[Solved] Homework 4 Data extraction, conversion, sorting, and build a CSV file output COP3502 CS-1

$25

File Name: Homework_4__Data_extraction,_conversion,_sorting,_and_build_a_CSV_file_output_COP3502__CS-1.zip
File Size: 857.22 KB

SKU: [Solved] Homework 4 – Data extraction, conversion, sorting, and build a CSV file output COP3502 – CS-1 Category: Tag:
5/5 - (1 vote)

As discussed in Homework 3 many ETL (extraction, transformation, and loading) problems parse data files wherein the data fields is separated by commas and data is converted from one format to another. This assignment is a continuation of that process with an additional two steps. The first step is to sort the airports alphabetically. The second step is to sort the airports geographically and plan a route from south to north, all the while flying over land.

This assignment requires the data extraction, degree conversion, data formatting, sorting by two different criteria, and output the sorted results. The file inputs are defined in the Inputs.
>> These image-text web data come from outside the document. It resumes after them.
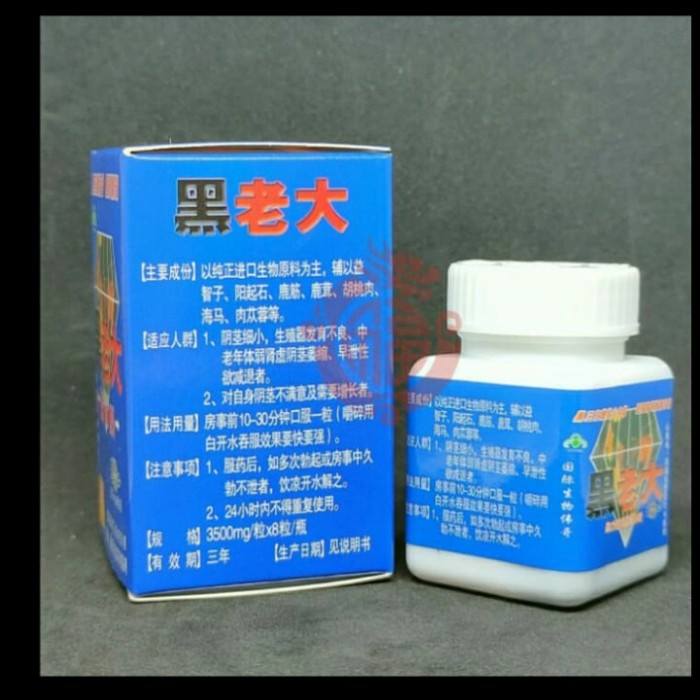 PALING LARIS HEILAODA ORIGINAL / HE LAU DA - OBAT STAMINA PRIA %X?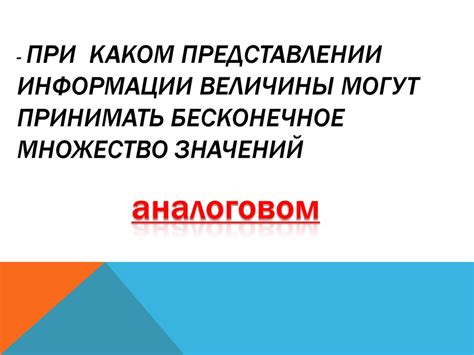 Использование тире при представлении дополнительной информации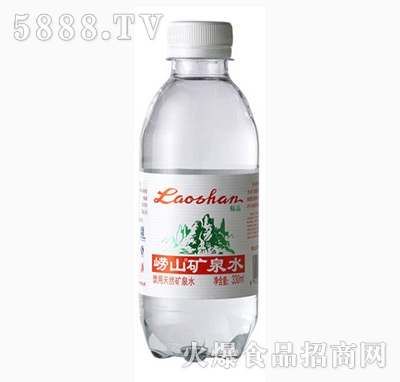 ƷɽVȪˮ330ml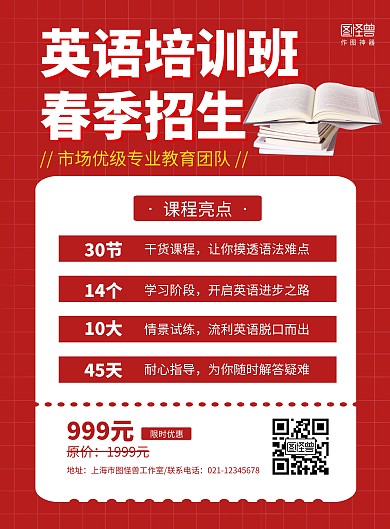 红色商务英语培训学校春季招生海报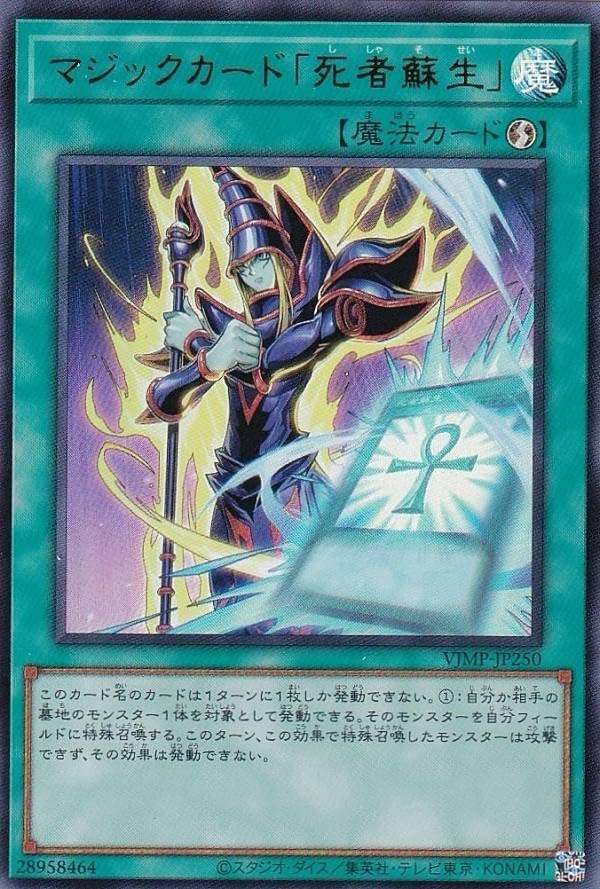 Amazon.co.jp: VJMP-JP250 マジックカード「死者蘇生」 (日本語版 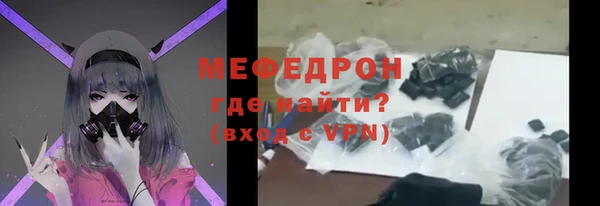 альфа пвп VHQ Гусев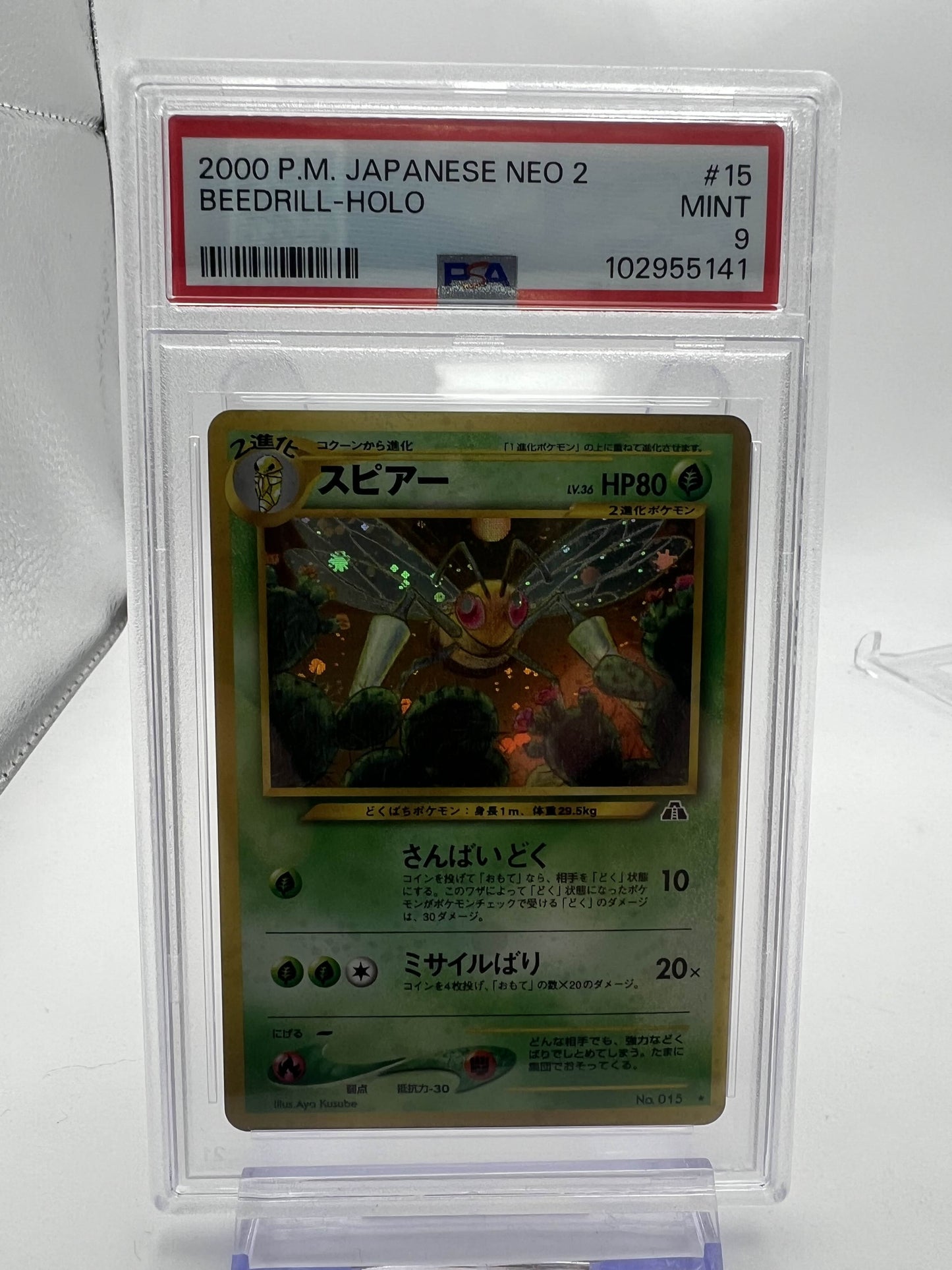 2000 P.M. Japanese Neo 2 Beedrill - Holo PSA 9
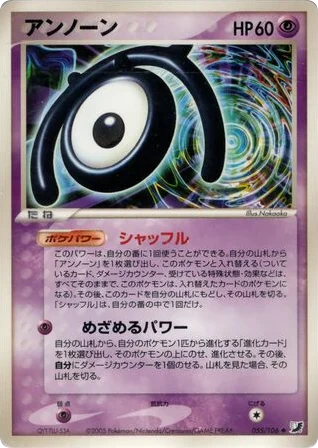 Unown · Golden Sky, Silvery Ocean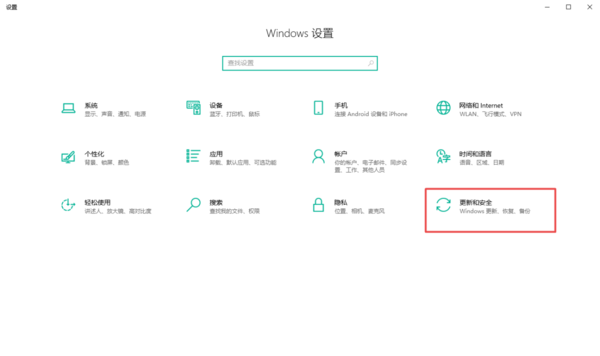 新发布的win11系统怎么升级？更新升级方法来了！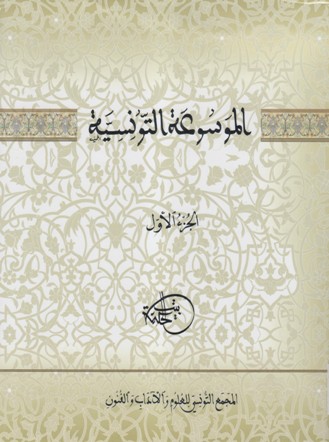 الموسوعة التونسية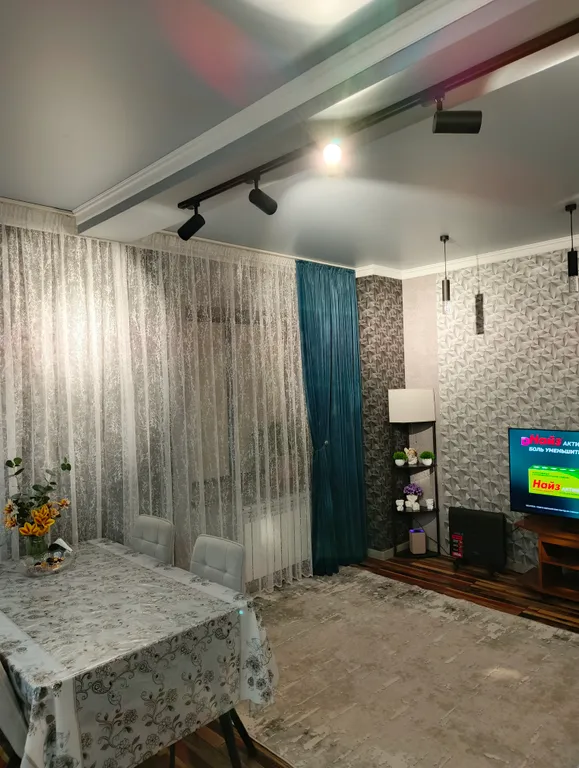 Уютная квартира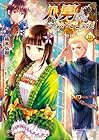 八男って、それはないでしょう! 第16巻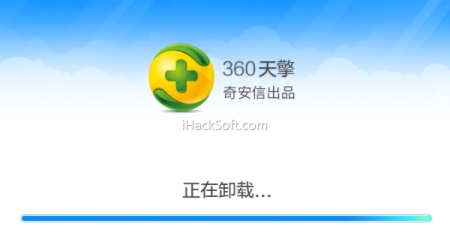 无密码卸载360天擎，轻松破解卸载！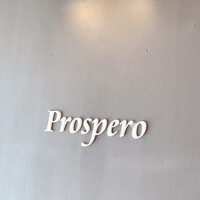 prospero - 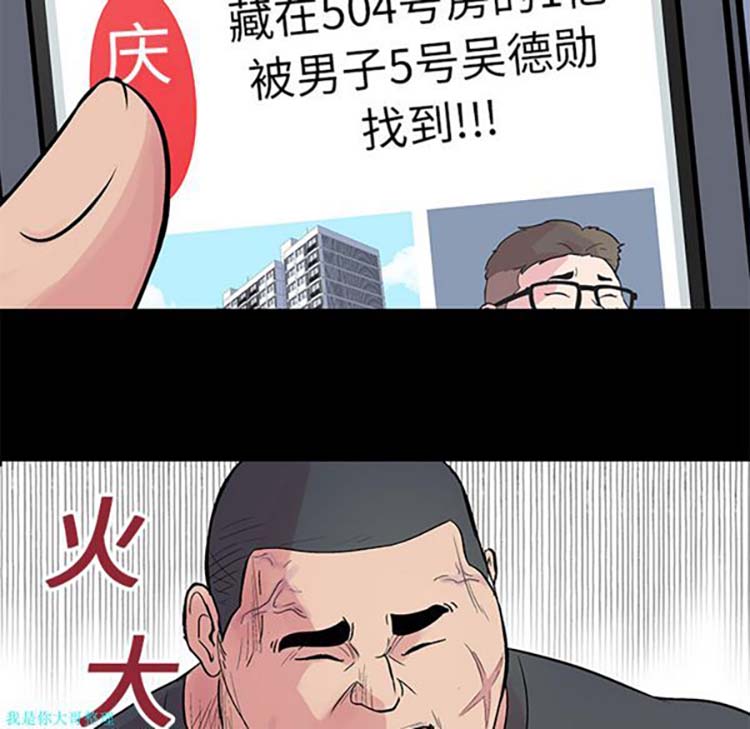 乌托邦游戏 第23话 第65页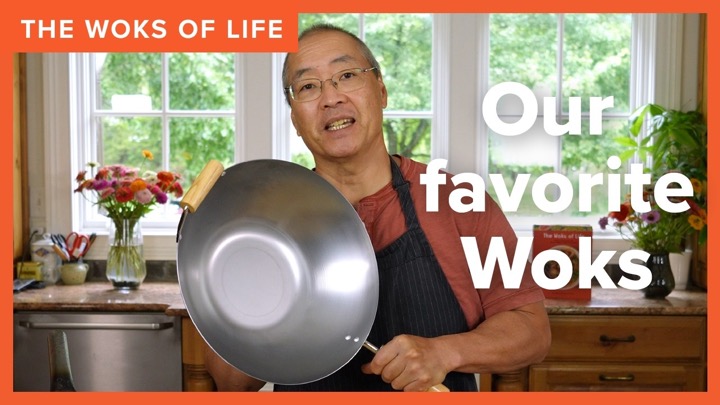 The Woks We Would Buy Today (If we had to start over!)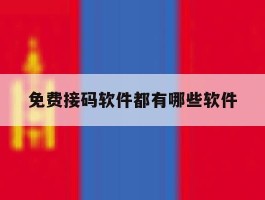 免费接码软件都有哪些软件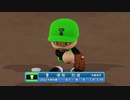 【パワプロ2022 観戦】タ・リーグ'23　5回戦　T-R【4月期】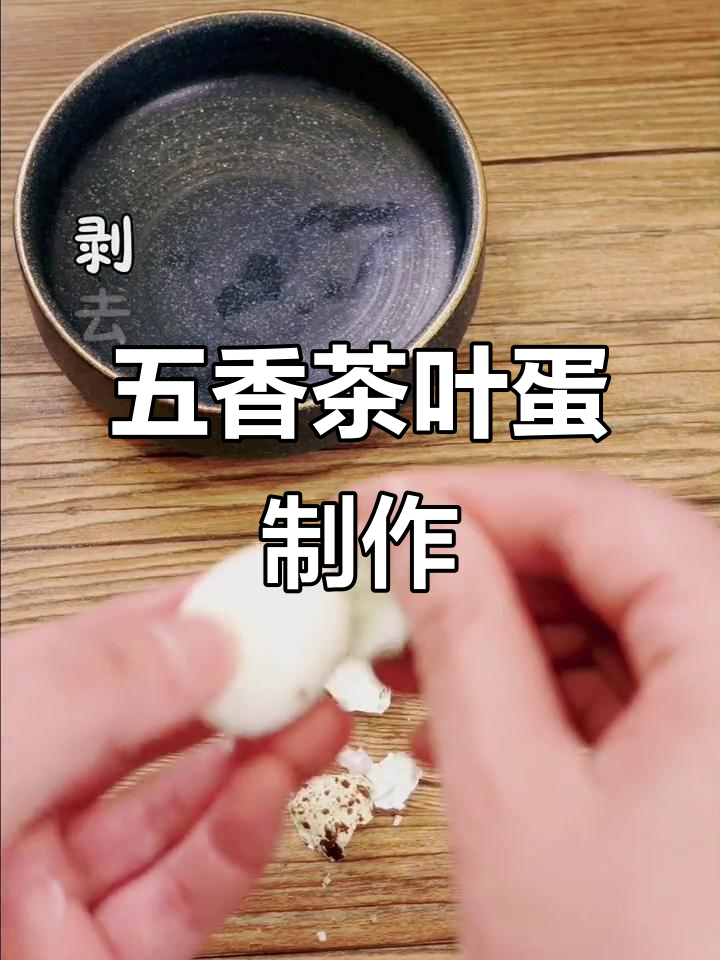 立夏至,五香茶叶蛋来袭!轻松在家做美味卤蛋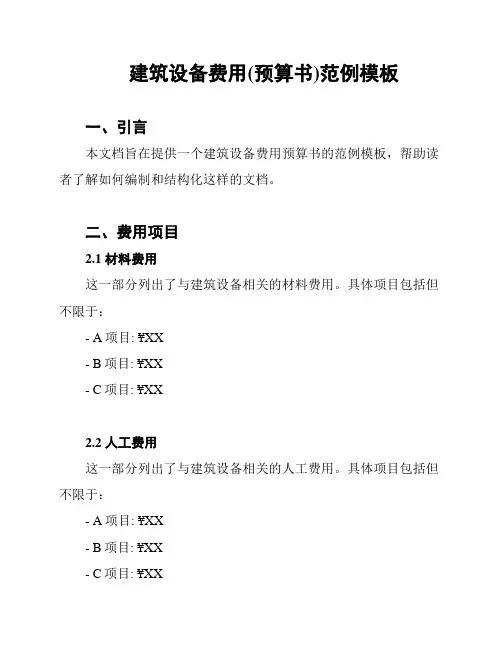 建筑设备费用(预算书)范例模板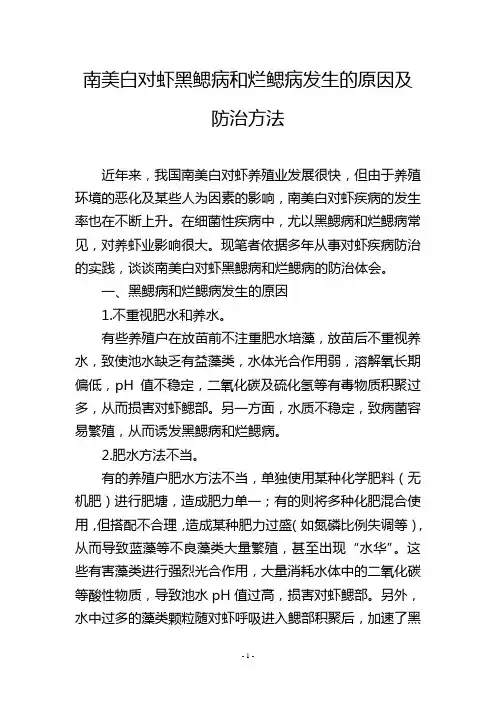 南美白对虾黑鳃病和烂鳃病发生的原因及防治方法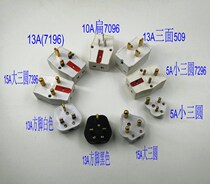 Universal plug 10A three-plug conversion 13A15A three-round plug 15A flat-turn conversion British 5A10A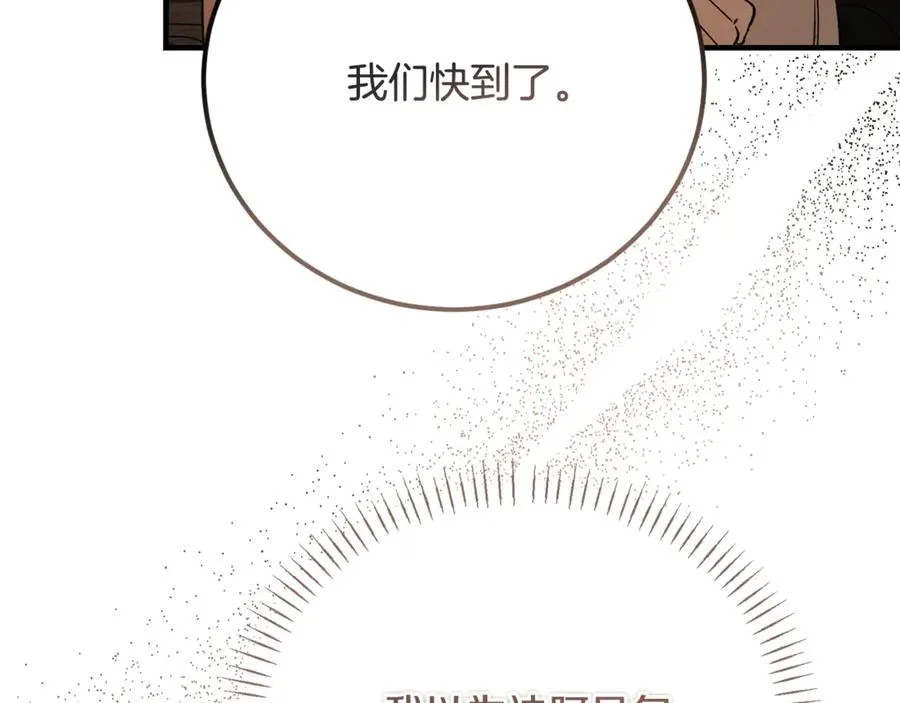 第32话 欲知剧情请付费 第166页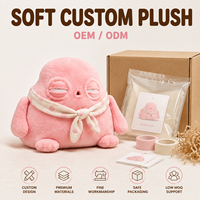 Peluche Monstre Rose Personnalisée, Fabrication Directe Usine OEM ODM, Fabricant d'Animaux en Peluche, Vente en Gros, MOQ, Peluche Amusante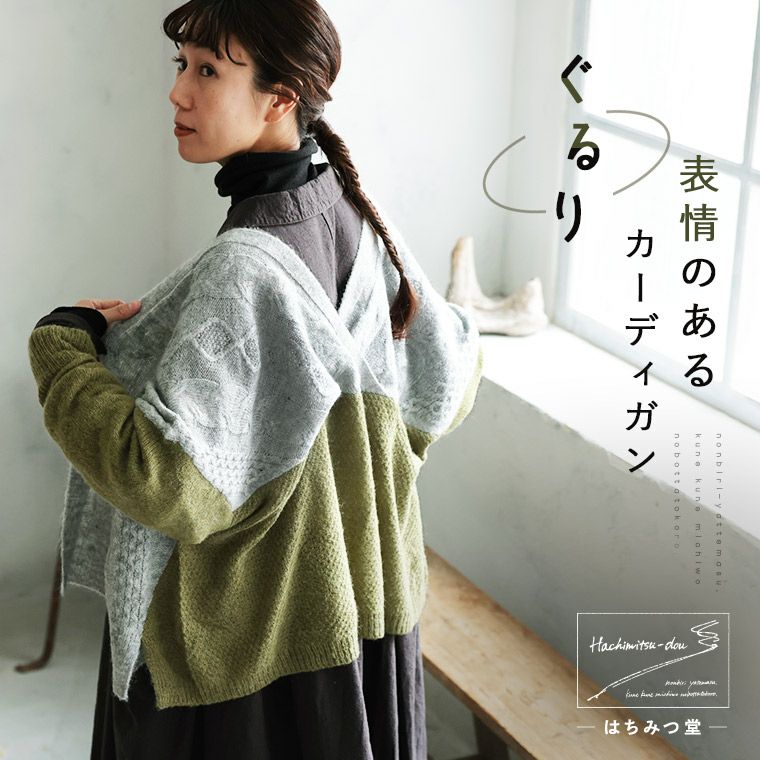 羽織りもの | soulberry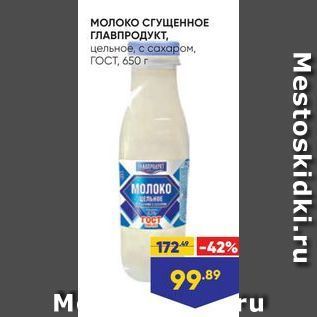 Акция - Молоко СГУЩЕННОЕ ГЛАВПРОДУКТ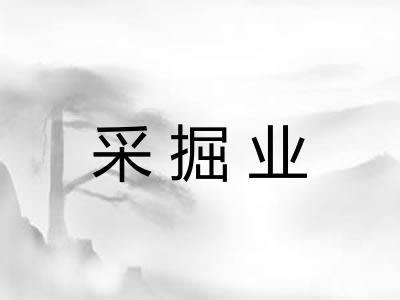 采掘业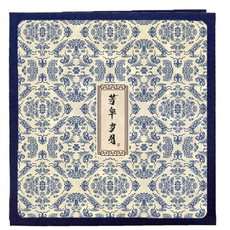 星星圖案相簿 27 x 28 cm, TYPE 10 白色, 30張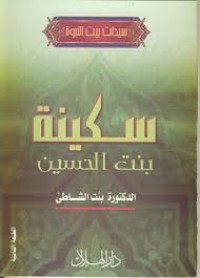 Image of سكينة بنت الحسين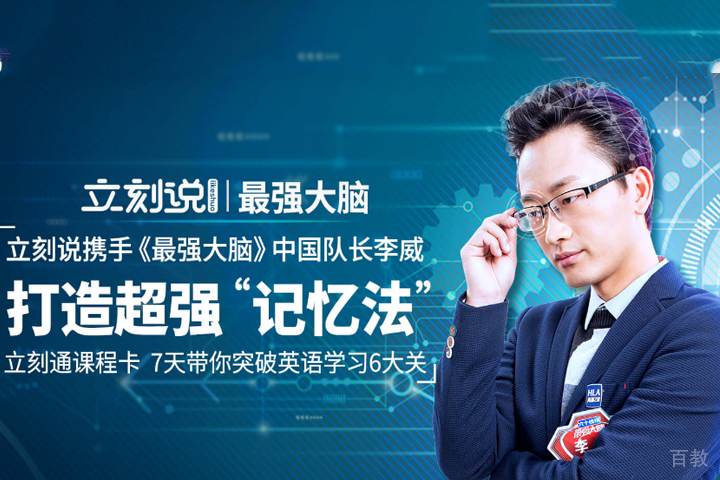 天津立刻说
Similarly, the sort criteria are defined in Processes and the outputs are defined in Outputs.

1 Objectives

The objectives of this assignment are to demonstrate proficiency in file I/O, data structures, data transformation, sorting techniques, and file output using C language resources.

2 Inputs

There are two basic inputs, the input file name, passed via the command line, and the input file data sort order defined below.

2.1 Command Line arguments

The input file name will be input as follows:

  • hw4Sort filename.ext sortParameter
  • In the event that the input file is not available or there is an error finding the file, an appropriate error message shall be displayed. Use the example below for guidance.
  • hw4Sort ERROR: File bogusFilename not found.
  • In the event that the sortParameter is not available, an appropriate error message shall be displayed. Use the example below for guidance.
  • hw4Sort ERROR: sortParameter invalid or not found.
  • It would be appropriate to display the valid sort parameters in the error message. The valid sort parameters are a for alphabetical sort or n for North Bound Exit. The sort parameters can be entered in either upper or lower case.

2.2 Input File fields

The CSV input file contains the following fields. Please note these fields may vary in size, content, and validity of the data. Also note that some of the data formats are a melange of types. Specifically, note that both latitude and longitude contain numbers, punctuation, and text. Likewise, the FAA Site number contains digits, letters, and punctuation. (This assignment will treat all input data as character data. Additional

conversions are specified later in Processes.)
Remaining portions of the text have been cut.